Just in case somebody still doesn't understand, " DO NOT THROW OUT OLD HOOKS AND LEADERS ON THE BEACH, OR IN THE WATER!!!!

Sorry, No pics of the fish due to the rain and ER visit. Toe pic taken in the truck. The hook didn't go "through" my toe as it might look in the pic. The shank is curved around my toe and then in it.


----------



## J0nesi (Jun 22, 2011)

WOW thats gotta suck.


----------



## servo765 (May 25, 2013)

yikes! damn scumbags….

My brother has a really gruesome picture of a 10/0 black chrome octopus hook clean through the palm of his hand, so I suppose it could be worse!


----------



## Rightbrained (Apr 5, 2013)

Man , that looks painful! 
Unfortunaltely whoever left that behind has never had that happen to them.


----------



## Jason B (Jul 3, 2014)

That sucks


----------



## Jason (Oct 2, 2007)

Ouch.......definitely wasn't worth $50.00!!! Sorry fer the ER visit! At least you smelled good and they probably wanted to get you in and out in a hurry!


----------



## Sailor50 (Nov 8, 2007)

Sorry for the pain, gotta hurt. As a note, I have lost rigs in the gulf (broke line) accidentally, no way to find them. And have snagged a broken leader with hooks once, so it happens. Another thing you have to watch is some people dont throw catfish back, leave them on the beach, get buried in sand, and someone gets a barb in their foot. Good report, appreciate it.


----------



## fishin for pompanos (May 10, 2012)

Wow sorry for the hook in the toe. That is addressing the bad. Now to address the good, what a great catch you guys had! That toe will feel all better as soon as you eat that fried pomp! Keep on fishin......


----------



## Penn720 (Nov 1, 2013)

fishin for pompanos said:


> Wow sorry for the hook in the toe. That is addressing the bad. Now to address the good, what a great catch you guys had! That toe will feel all better as soon as you eat that fried pomp! Keep on fishin......



You're right. It would've been much worse if we'd have gotten skunked.

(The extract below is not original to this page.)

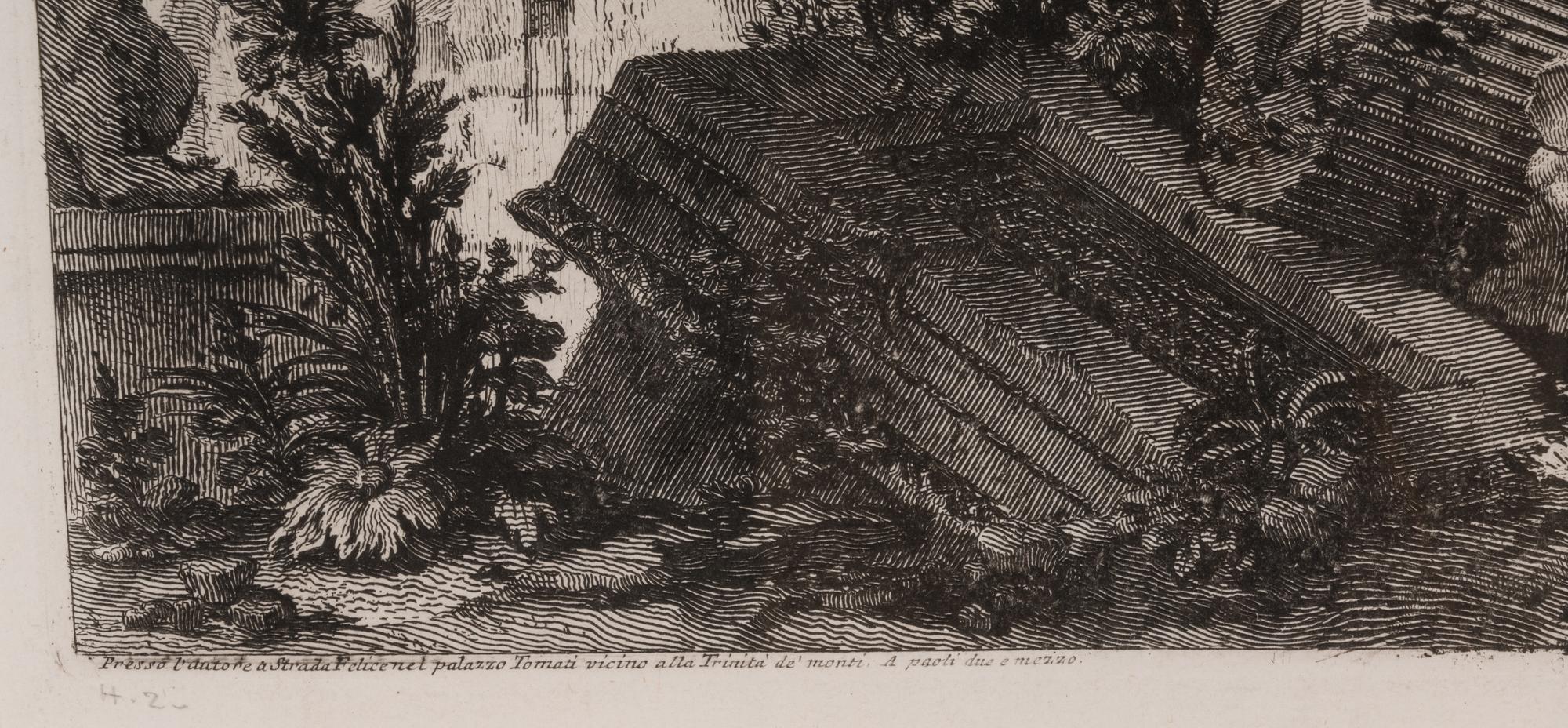 Frontispiece for Vedute de Roma, 1748
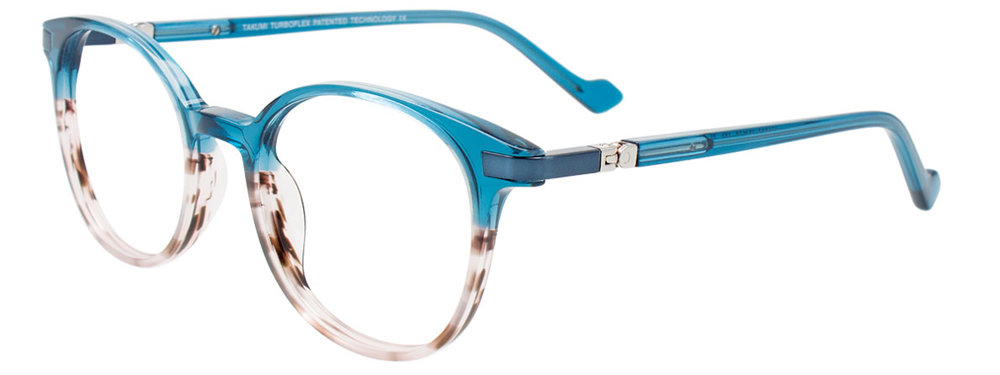 TAKUMI TK1234 Eyeglasses 060 Crystal Turquoise Striped Brown 45mm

Toe's feeling a lot better this evening. Hoping to be back on the beach this weekend. (sooner if I didn't have to go to work).


----------



## flappininthebreeze (Jul 13, 2009)

Had a similar injury through the meat of my little finger, with a hook hung on an anchor line. Since we were 12 mi offshore, we took a Leatherman tool to it, snipped off the barb, and pulled the shaft out. AB ointment and a bandage did the trick. With a smooth shaft object, it it a coin flip. Had it been a stingray or catfish barb, no way. Always better safe than sorry, but there are options.anyway, Bon Apetit.


----------



## jonscott8 (Jan 18, 2015)

Ouch, that looks like a precursor to a tetanus shot. Congrats on the fish.


----------



## Lukeknox (Mar 5, 2015)

Sorry bout that man, thats gotta suck


----------



## GROUPERKING (Sep 28, 2011)

Dang ! , but with the pompano biting I believe that I might have had to just snatch it out and finish catching my limit and get a tetanus shot on the way home. Lol


----------